There’s another type of crime wave though that is a plague upon our local businesses, and that is the Americans with Disabilities Act (ADA) non-compliance private action. The ADA was originally designed to foster increased access for those who are navigating life with additional challenges. Its original purpose was, and remains, a good and valid one, to help people be able to access services and companies.
Like all good intentions though, there is a dark side. The ADA has punishments for those who do not comply with the accessibility rules and they’re considered to be strict liability – meaning there are no defenses really to your violation of the law. The one that most people are familiar with is statutory rape of a person under age 18 – unless you fall into a very small window of similar age, you’re a rapist and it doesn’t matter what the other person told you, misrepresented themselves as, or promised you – you’re guilty.
The ADA violations are very similar to that, and as a consequence there has grown a cottage industry of individuals who are disabled who join forces with a lawyer to drum up violations against companies that have enough resources to pay out the “violations” and the attorney’s fees. Essentially it’s a way for someone who is disabled to provide for themselves if they can find a lawyer and strike a working relationship that allows them to become “professional plaintiffs”. (I’d be lying if I didn’t have the passing thought about finding someone…)
These cases are generally filed and then served on the unsuspecting company, who then must either negotiate a settlement in the $5,000 -$25,000 range depending on the severity of the infraction, or hire a lawyer to defend against the lawsuit ( at a $5,000 – 10,000 retainer) and then still have to pay for the infractions.
The big growth in this “ADA violation industry” is happening with websites that are non-ADA compliant.

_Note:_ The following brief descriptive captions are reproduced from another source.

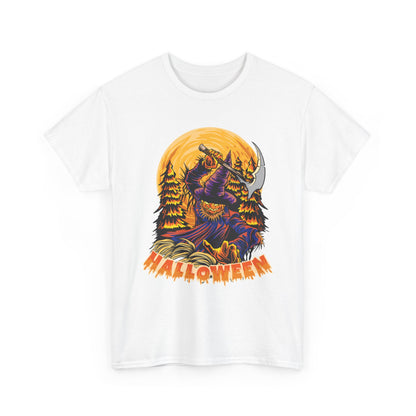 Halloween Scarecrow Tee
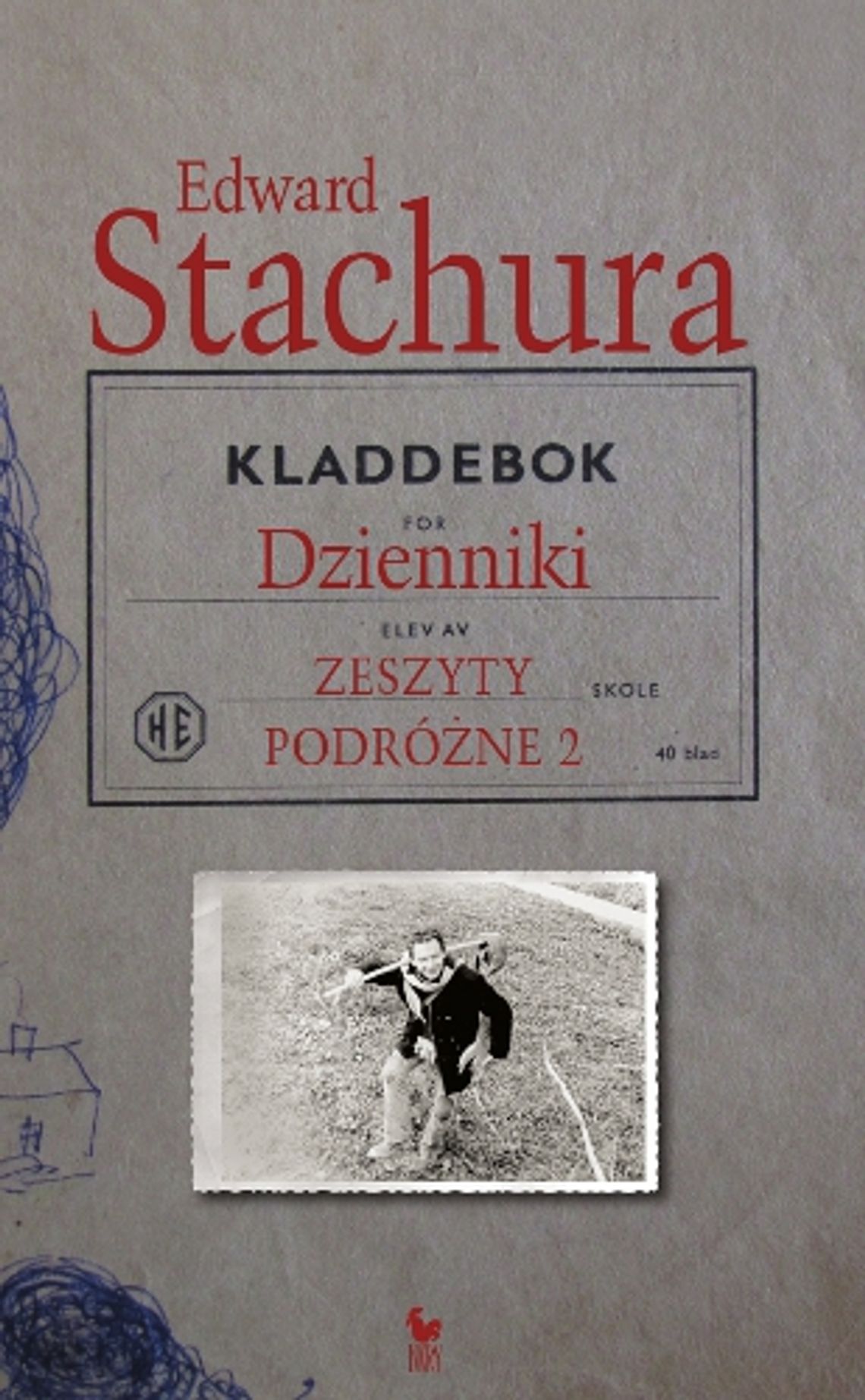 Edward Stachura, \"Dzienniki. Zeszyty podróżne 1”, \"Dzienniki. Zeszyty podróżne 2”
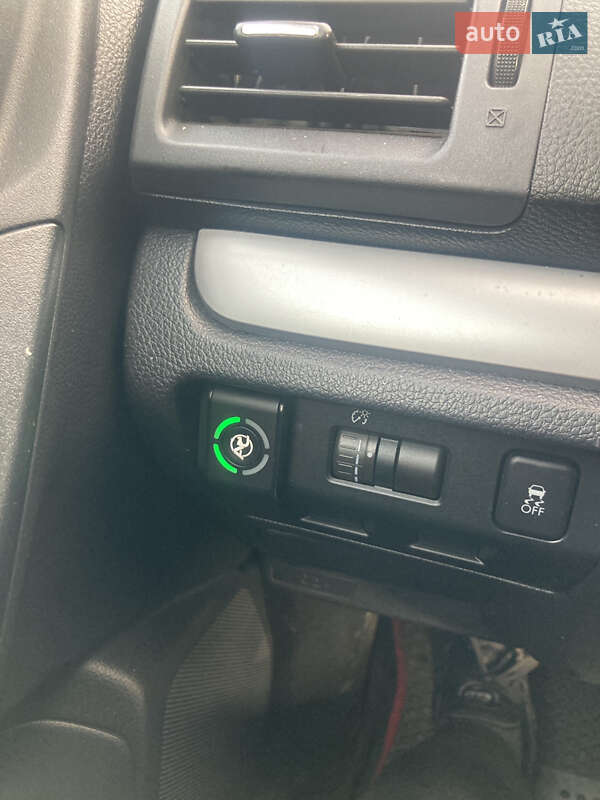 Позашляховик / Кросовер Subaru Forester 2014 в Одесі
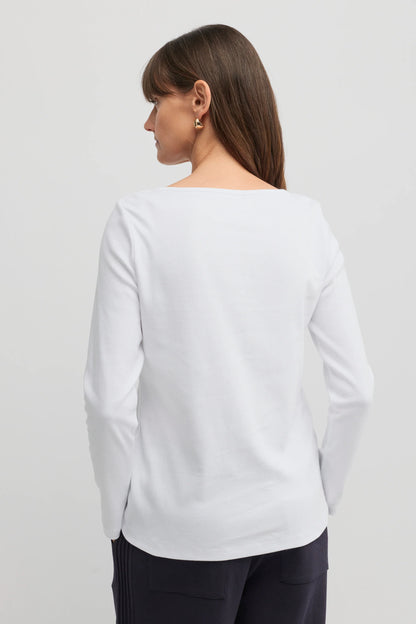 Yarra Trail Womens Messenger Tee
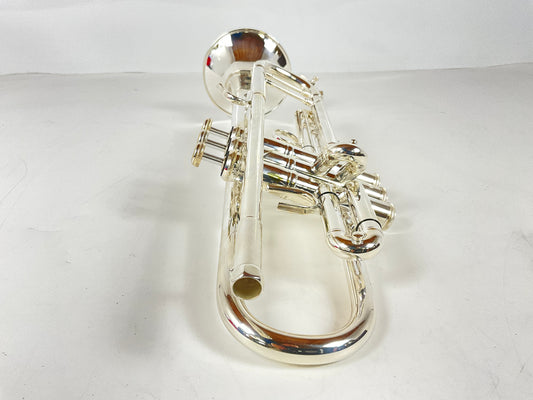 Used Bach 37 Bb Trumpet (SN: 410963)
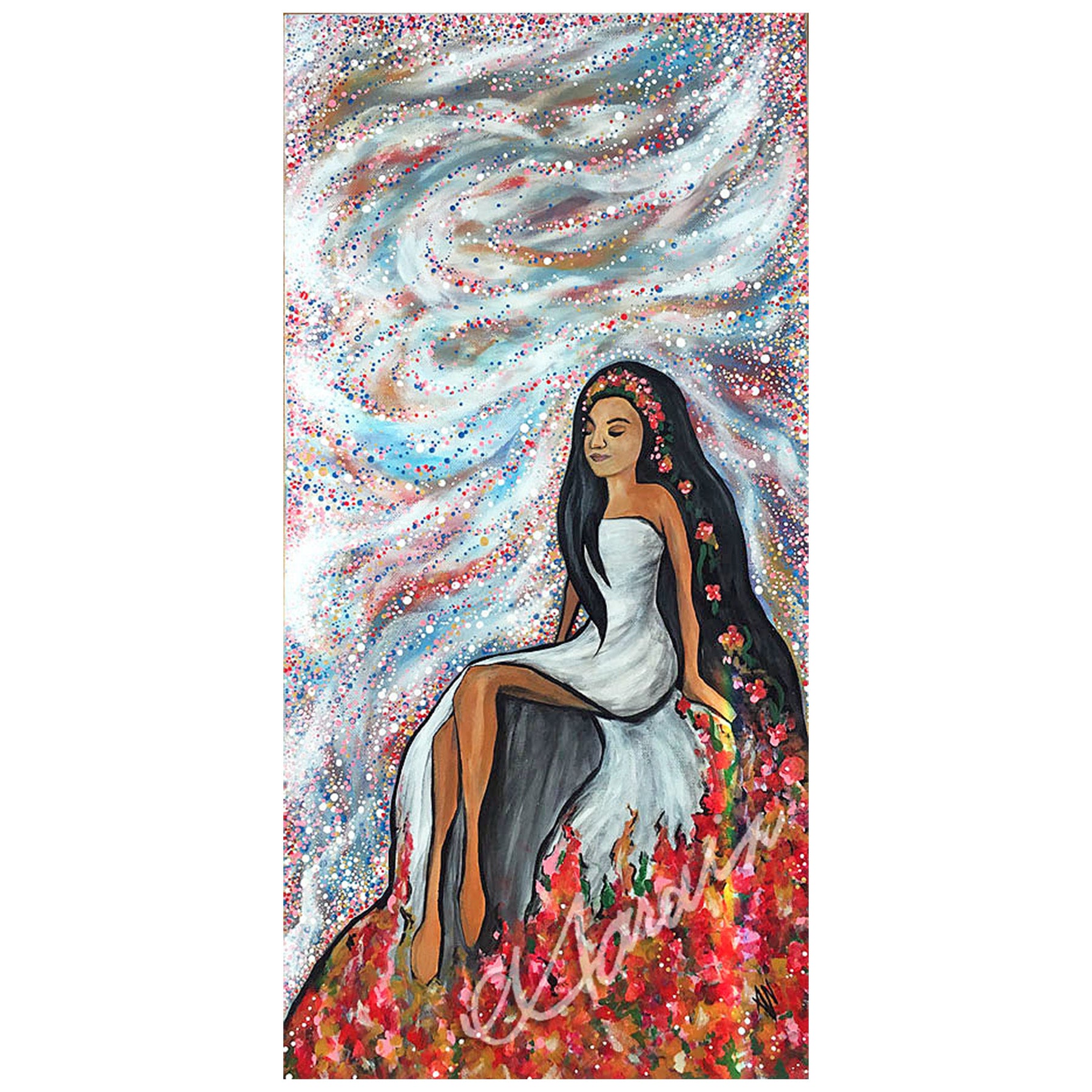 AUTUMN FIRE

Essentially a legally blind person can now sue anyone who has a website that is not certified as compliant for violating their rights. It should prove to be a boon for many a disabled person.

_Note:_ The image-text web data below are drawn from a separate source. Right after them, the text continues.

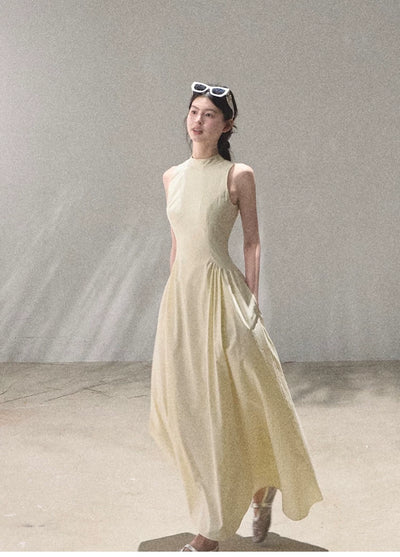 Yellow Long Size / XS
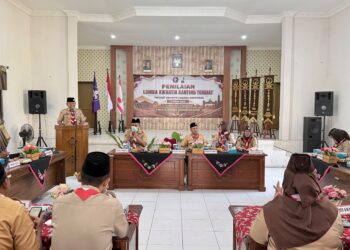 Kwarcab Banyumas Tegaskan Keberhasilan Pramuka Bukan dari Koleksi Piala, Melainkan Pendidikan Karakter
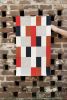 Gunta Wall Quilt | Wall Sculpture in Wall Hangings by Vacilando Studios | Savannah in Savannah. Item composed of cotton & fiber
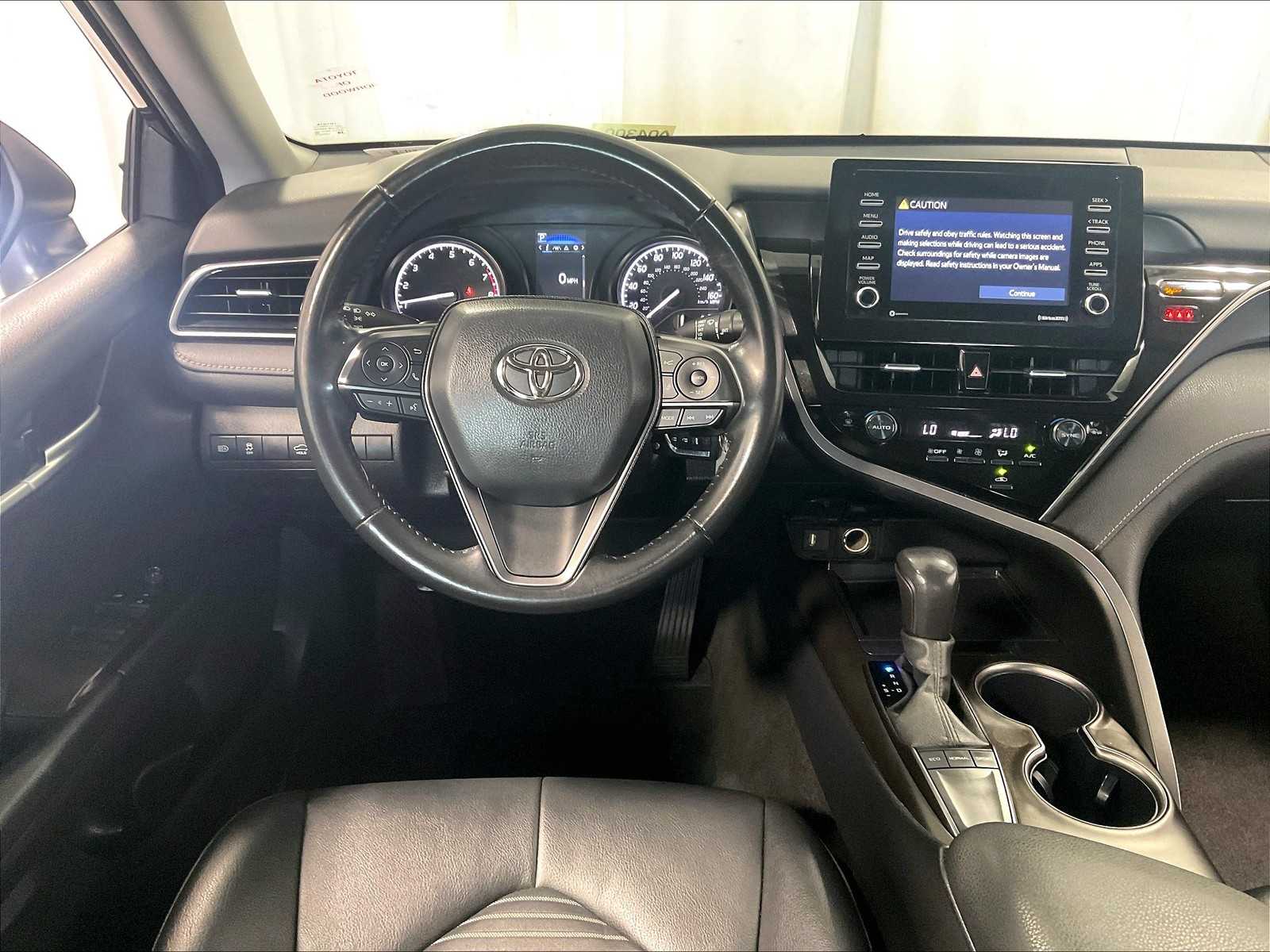 used 2023 Toyota Camry car, priced at $23,888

In my 20 years as a lawyer I have had a few of these cases cross my desk, and just recently another of my business clients was hit with one. The violation is that the markings for the handicap parking have faded and are difficult to read. Mind you this did not prevent the plaintiff from actually entering the business, procuring their products, and then leave the business. It was just their handicap parking was “hard to read”.
We have some defenses in this case as the common area of the parking lot is supposed to be maintained by the landlord so there’s an argument that my client is not responsible for that, but it will still cost them a few thousand dollars for me to research, argue and eventually find a settlement/resolution to this case.
That’s legal extortion. What these disability plaintiffs are doing is completely legal, and I suppose there is an argument to be made that they are doing the enforcement that the government doesn’t have the time or resources for, so making the businesses pay is a fair apportionment of the costs. But let me tell you the law needs some refining, because there is a great amount of abuse in the system. It’s one thing for a donut shop to not have a handicap accessible bathroom, it’s another for the striping on a parking lot to be faded. Those violations that actually prevent access should be enforced, but a measure of sanity needs to be instilled as well.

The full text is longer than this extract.